• BRIEF: The records should be written out in full, with nothing altered.

• DATA EXCERPTS:
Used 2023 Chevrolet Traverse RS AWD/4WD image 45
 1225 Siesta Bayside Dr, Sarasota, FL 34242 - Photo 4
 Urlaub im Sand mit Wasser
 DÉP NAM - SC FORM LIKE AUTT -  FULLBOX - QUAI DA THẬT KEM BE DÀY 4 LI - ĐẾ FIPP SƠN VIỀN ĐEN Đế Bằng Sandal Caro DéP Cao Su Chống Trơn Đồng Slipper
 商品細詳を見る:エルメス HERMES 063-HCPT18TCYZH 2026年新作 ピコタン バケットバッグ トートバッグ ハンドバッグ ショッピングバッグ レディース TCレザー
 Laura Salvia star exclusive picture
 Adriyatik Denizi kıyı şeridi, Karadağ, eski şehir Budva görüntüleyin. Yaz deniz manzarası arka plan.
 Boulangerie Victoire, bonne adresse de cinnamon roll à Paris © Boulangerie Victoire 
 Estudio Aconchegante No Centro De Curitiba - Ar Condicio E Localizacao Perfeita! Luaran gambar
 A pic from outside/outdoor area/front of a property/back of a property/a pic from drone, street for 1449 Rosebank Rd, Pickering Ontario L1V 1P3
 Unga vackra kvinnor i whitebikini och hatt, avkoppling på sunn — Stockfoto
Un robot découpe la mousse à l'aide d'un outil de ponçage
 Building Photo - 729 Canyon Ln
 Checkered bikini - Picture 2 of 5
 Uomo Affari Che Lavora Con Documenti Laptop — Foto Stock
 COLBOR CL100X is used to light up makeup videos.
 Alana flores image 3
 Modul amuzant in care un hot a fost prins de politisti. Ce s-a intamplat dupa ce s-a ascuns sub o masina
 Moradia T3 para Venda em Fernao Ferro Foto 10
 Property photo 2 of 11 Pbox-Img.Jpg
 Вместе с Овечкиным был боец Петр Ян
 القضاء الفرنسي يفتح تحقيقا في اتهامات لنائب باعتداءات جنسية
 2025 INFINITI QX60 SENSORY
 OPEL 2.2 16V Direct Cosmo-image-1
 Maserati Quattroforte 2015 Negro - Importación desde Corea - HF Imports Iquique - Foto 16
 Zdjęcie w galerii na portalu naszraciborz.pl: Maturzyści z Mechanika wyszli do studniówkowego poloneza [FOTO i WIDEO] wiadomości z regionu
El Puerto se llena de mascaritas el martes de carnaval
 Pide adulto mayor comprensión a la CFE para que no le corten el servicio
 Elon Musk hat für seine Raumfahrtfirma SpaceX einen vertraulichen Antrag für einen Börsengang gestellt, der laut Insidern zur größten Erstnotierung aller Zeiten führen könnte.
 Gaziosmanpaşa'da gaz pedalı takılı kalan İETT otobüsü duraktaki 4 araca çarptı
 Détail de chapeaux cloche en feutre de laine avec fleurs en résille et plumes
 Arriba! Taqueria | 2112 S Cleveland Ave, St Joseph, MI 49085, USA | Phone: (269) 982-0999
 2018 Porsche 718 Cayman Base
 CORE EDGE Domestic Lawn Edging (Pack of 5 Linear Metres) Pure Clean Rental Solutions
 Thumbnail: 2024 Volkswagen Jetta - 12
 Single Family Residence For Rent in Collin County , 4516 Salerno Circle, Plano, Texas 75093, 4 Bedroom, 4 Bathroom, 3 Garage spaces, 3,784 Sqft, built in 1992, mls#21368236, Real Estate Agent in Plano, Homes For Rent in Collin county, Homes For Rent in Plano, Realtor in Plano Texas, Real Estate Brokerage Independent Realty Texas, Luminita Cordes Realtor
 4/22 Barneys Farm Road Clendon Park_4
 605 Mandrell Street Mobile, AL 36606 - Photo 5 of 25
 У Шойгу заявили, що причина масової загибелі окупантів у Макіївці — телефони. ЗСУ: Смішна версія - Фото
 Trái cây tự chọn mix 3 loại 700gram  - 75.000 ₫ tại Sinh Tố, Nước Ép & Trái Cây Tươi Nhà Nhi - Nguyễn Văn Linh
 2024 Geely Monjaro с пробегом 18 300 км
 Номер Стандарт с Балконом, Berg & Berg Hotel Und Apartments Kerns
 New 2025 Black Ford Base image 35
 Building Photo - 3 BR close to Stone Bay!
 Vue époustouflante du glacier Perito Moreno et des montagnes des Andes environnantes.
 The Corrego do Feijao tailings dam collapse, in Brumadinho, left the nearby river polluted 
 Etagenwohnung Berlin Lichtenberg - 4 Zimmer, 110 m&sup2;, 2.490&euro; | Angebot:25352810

• TASK SOLUTION:
Used 2023 Chevrolet Traverse RS AWD/4WD image 45
 1225 Siesta Bayside Dr, Sarasota, FL 34242 - Photo 4
 Urlaub im Sand mit Wasser
 DÉP NAM - SC FORM LIKE AUTT -  FULLBOX - QUAI DA THẬT KEM BE DÀY 4 LI - ĐẾ FIPP SƠN VIỀN ĐEN Đế Bằng Sandal Caro DéP Cao Su Chống Trơn Đồng Slipper
 商品細詳を見る:エルメス HERMES 063-HCPT18TCYZH 2026年新作 ピコタン バケットバッグ トートバッグ ハンドバッグ ショッピングバッグ レディース TCレザー
 Laura Salvia star exclusive picture
 Adriyatik Denizi kıyı şeridi, Karadağ, eski şehir Budva görüntüleyin. Yaz deniz manzarası arka plan.
 Boulangerie Victoire, bonne adresse de cinnamon roll à Paris © Boulangerie Victoire 
 Estudio Aconchegante No Centro De Curitiba - Ar Condicio E Localizacao Perfeita! Luaran gambar
 A pic from outside/outdoor area/front of a property/back of a property/a pic from drone, street for 1449 Rosebank Rd, Pickering Ontario L1V 1P3
 Unga vackra kvinnor i whitebikini och hatt, avkoppling på sunn — Stockfoto
Un robot découpe la mousse à l'aide d'un outil de ponçage
 Building Photo - 729 Canyon Ln
 Checkered bikini - Picture 2 of 5
 Uomo Affari Che Lavora Con Documenti Laptop — Foto Stock
 COLBOR CL100X is used to light up makeup videos.
 Alana flores image 3
 Modul amuzant in care un hot a fost prins de politisti. Ce s-a intamplat dupa ce s-a ascuns sub o masina
 Moradia T3 para Venda em Fernao Ferro Foto 10
 Property photo 2 of 11 Pbox-Img.Jpg
 Вместе с Овечкиным был боец Петр Ян
 القضاء الفرنسي يفتح تحقيقا في اتهامات لنائب باعتداءات جنسية
 2025 INFINITI QX60 SENSORY
 OPEL 2.2 16V Direct Cosmo-image-1
 Maserati Quattroforte 2015 Negro - Importación desde Corea - HF Imports Iquique - Foto 16
 Zdjęcie w galerii na portalu naszraciborz.pl: Maturzyści z Mechanika wyszli do studniówkowego poloneza [FOTO i WIDEO] wiadomości z regionu
El Puerto se llena de mascaritas el martes de carnaval
 Pide adulto mayor comprensión a la CFE para que no le corten el servicio
 Elon Musk hat für seine Raumfahrtfirma SpaceX einen vertraulichen Antrag für einen Börsengang gestellt, der laut Insidern zur größten Erstnotierung aller Zeiten führen könnte.
 Gaziosmanpaşa'da gaz pedalı takılı kalan İETT otobüsü duraktaki 4 araca çarptı
 Détail de chapeaux cloche en feutre de laine avec fleurs en résille et plumes
 Arriba! Taqueria | 2112 S Cleveland Ave, St Joseph, MI 49085, USA | Phone: (269) 982-0999
 2018 Porsche 718 Cayman Base
 CORE EDGE Domestic Lawn Edging (Pack of 5 Linear Metres) Pure Clean Rental Solutions
 Thumbnail: 2024 Volkswagen Jetta - 12
 Single Family Residence For Rent in Collin County , 4516 Salerno Circle, Plano, Texas 75093, 4 Bedroom, 4 Bathroom, 3 Garage spaces, 3,784 Sqft, built in 1992, mls#21368236, Real Estate Agent in Plano, Homes For Rent in Collin county, Homes For Rent in Plano, Realtor in Plano Texas, Real Estate Brokerage Independent Realty Texas, Luminita Cordes Realtor
 4/22 Barneys Farm Road Clendon Park_4
 605 Mandrell Street Mobile, AL 36606 - Photo 5 of 25
 У Шойгу заявили, що причина масової загибелі окупантів у Макіївці — телефони. ЗСУ: Смішна версія - Фото
 Trái cây tự chọn mix 3 loại 700gram  - 75.000 ₫ tại Sinh Tố, Nước Ép & Trái Cây Tươi Nhà Nhi - Nguyễn Văn Linh
 2024 Geely Monjaro с пробегом 18 300 км
 Номер Стандарт с Балконом, Berg & Berg Hotel Und Apartments Kerns
 New 2025 Black Ford Base image 35
 Building Photo - 3 BR close to Stone Bay!
 Vue époustouflante du glacier Perito Moreno et des montagnes des Andes environnantes.
 The Corrego do Feijao tailings dam collapse, in Brumadinho, left the nearby river polluted 
 Etagenwohnung Berlin Lichtenberg - 4 Zimmer, 110 m&sup2;, 2.490&euro; | Angebot:25352810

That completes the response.